WHAT YOU SHOULD DO: Using the records that appear below, write out exactly the lines from the one with "RICHMOND ESTATES - Residential" through the one with "Amazonas Hängematte Moskito-Traveller", keeping both end lines.

DATA FOR THIS EXERCISE:
************
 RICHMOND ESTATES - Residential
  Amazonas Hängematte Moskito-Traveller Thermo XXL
************
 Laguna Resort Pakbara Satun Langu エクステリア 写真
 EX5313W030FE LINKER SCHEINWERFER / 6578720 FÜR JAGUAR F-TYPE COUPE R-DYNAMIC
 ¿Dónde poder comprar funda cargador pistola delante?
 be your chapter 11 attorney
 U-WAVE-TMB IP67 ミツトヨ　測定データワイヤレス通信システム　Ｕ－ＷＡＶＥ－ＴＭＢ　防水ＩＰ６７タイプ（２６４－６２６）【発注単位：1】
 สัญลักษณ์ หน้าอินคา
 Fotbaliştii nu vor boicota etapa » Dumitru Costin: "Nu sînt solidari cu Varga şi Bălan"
************
RESULT OF THIS TASK:
 RICHMOND ESTATES - Residential
  Amazonas Hängematte Moskito-Traveller Thermo XXL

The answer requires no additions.